Today, BTW – along with analytics elements on top of the data engines, the topic of “how do you manage Hadoop clusters” is where there is a lot of forking (and proprietary value) between the various distributions.
Together with the other open-source elements in Apache® Hadoop® (follow the link, and you’ll see why this ODP initiative is important – you have some tightly coupled parts, and some more loose projects) – these are packaged up together into the Pivotal HD3 distribution (as well as other distributions like HortonWorks)

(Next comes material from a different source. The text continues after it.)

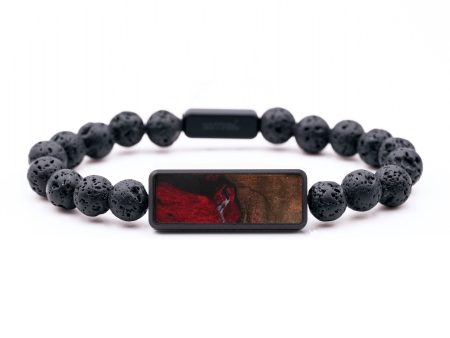 Lava Bead Wood Bracelet - Helen (Red, 747545) Online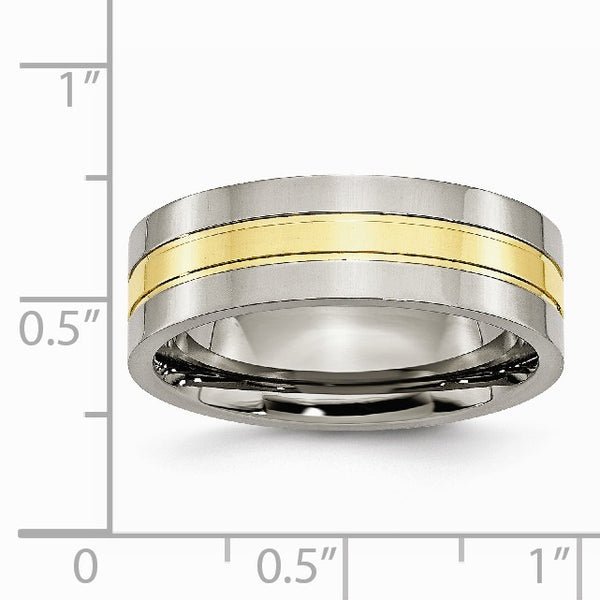 Titanium Yellow IP-plated Grooved 7mm Polished Band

What’s this all about? Read on!
Hadoop has been a very successful open source project, and is governed via the Apache® Hadoop® project. That said – unlike other big open-source projects, there hasn’t been a strong governance model as it moved into a phase with many large commercial distributions that all started running in different direction.
This isn’t just something I am thinking, but customers themselves have started to observe to me that various distributions are starting to create feelings of “lock in” further above the stack – where value-added components (whether it’s specific analytics tools, or management tools) “only work with _____ distribution”. BTW – the same can be said about the various Linux distributions.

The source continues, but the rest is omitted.